Splitter to Spoiler: Newman's triumph changes dynamic for Richard Childress Racing

Phoenix race proves Richard Childress Racing is ready to contend again, but Chevrolet's brightest star resides with Chip Ganassi Racing


Ryan Newman looked like he was going to keel over in Victory Lane on Sunday. On an afternoon that peaked at 95 degrees in Phoenix, Newman said he was exhausted from the blistering heat around Lap 150.

Then the race went into overtime. But with four old tires, Newman took the lead and held off Kyle Larson, on two new tires, to win his first race in nearly four years. Newman celebrated with ice being poured down his back and being practically held up as he posed for the “hat dance” with the sponsors lids.

He wouldn’t have it any other way.

“It’s sweet for so many reasons,” Newman said. “I said that when I won the Brickyard. I said that when I won at Daytona. This has been the longest drought I’ve ever been in. Even in Phoenix, the runners up suck. It’s just a hard‑fought race, a hard‑fought battle, a hard‑fought four years.”

While the win snapped a losing streak for Newman, it also snapped a 127-race winless streak for Richard Childress Racing. Once a juggernaut in the sport, RCR has been passed over in recent years by several teams and only put one driver — Austin Dillon — in the playoffs last season.

Dillon and Paul Menard are struggling this season, but RCR already has assurance that at least one car will make the playoffs. Expect the focus to shift to the No. 3 and No. 27 teams to ensure all three cars are racing for a championship when October rolls around.

Already having Newman in the postseason, however, gives Childress optimism about a late run.

“Yeah, I think it will,” Childress said about the win helping to turn a corner. “We’re making gains. I think this package, a lot of things the guys are doing, this package fits Ryan perfect.”

Larson tops standings for first time in his career

At some point, every young gun has to jump to the next level of their career in NASCAR. For some, like Kevin Harvick, Jimmie Johnson and Denny Hamlin, the wins came during their rookie seasons. For others, that transition takes place years down the road.

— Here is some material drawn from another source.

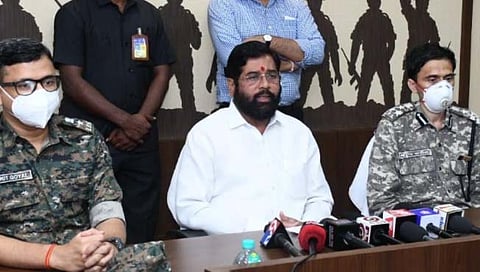 गडचिरोली पोलिसांना ५१ लाखांचे बक्षीस : पालकमंत्री एकनाथ शिंदे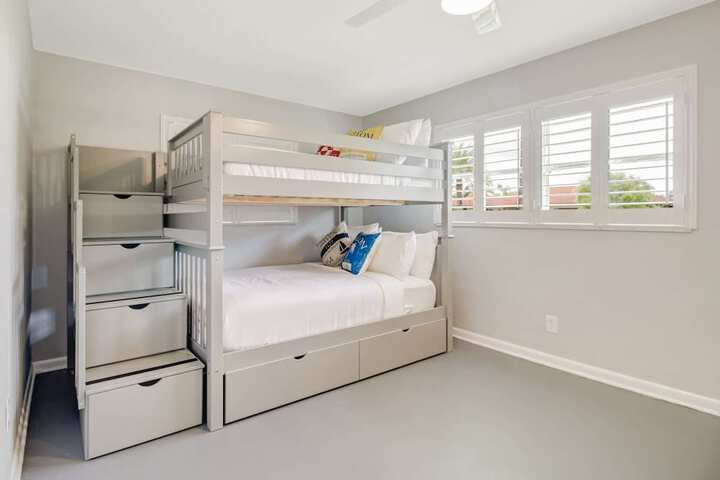 Room 68 of 78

Larson is finally transforming into a star in 2017, three years removed from his rookie season.

After showing so much promise in his first season — particularly in the Chase — Larson fell off in his second year. He notched a win in 2016 along with 10 top fives, but there was still so much left to be desired with the 24-year-old driver.

He’s unleashing all that talent early on this year. If not for running out of gas in the lead on Lap 199 of 200 in the Daytona 500, Larson would have captured the Great American Race. Instead of a letdown after that disastrous finish, Larson has rattled off three consecutive second-place results.

That win hasn’t come yet, but Larson now leads the points standings by six points over Brad Keselowski. Despite coming up short in all four races, Larson remains optimistic heading into Fontana next week.

“It’s been a lot of fun to start this year,” Larson said. “I just hope we can continue to work hard, be consistent, be mistake‑free on pit road and on the racetrack. If we can just keep doing that, the wins are going to come. I could easily have four wins right now. Just got to keep working hard.”

Heading into Fontana, Larson has a chance to not only keep the points lead, but also clinch a spot in the playoffs. With a win in the Xfinity Series in California and a second-place result as a rookie, Auto Club Speedway could be the race where Larson truly proves he’s a force to be reckoned with in the top series.

Rookie of the Year race heating up ... finally

Speaking of young stars making their mark, Sunday was a superb afternoon for Toyota’s rookie duo. Both Daniel Suarez and Erik Jones notched their first top 10s by finishing seventh and eighth, respectively, after fighting to stay up near the front.

For Suarez, the results have slowly seen an uptick after taking over for Carl Edwards in the offseason. Suarez wrecked in the Daytona 500 to finish 29th before taking a 21st and 20th result in Atlanta and Las Vegas.

What seemed to work for Suarez in Phoenix was getting some experience at the track before he arrived. While he’s had some experience with nearly every other track, getting track time at Phoenix with Edwards was clearly a confidence boost for the rookie.

As for Jones, the start at Daytona was equally as bad with a wreck and 39th-place result. But a pair of top-15 finishes for Jones along with his Phoenix race has Jones on the bubble for NASCAR’s playoffs at 18th in the standings and atop the Rookie of the Year list.

Could this be the start of a fun year for two of the sport’s brightest young stars? With both teams sharing the same engine maker in the TRD garage, the battle could get intense this season like it did last year between Chase Elliott and Ryan Blaney.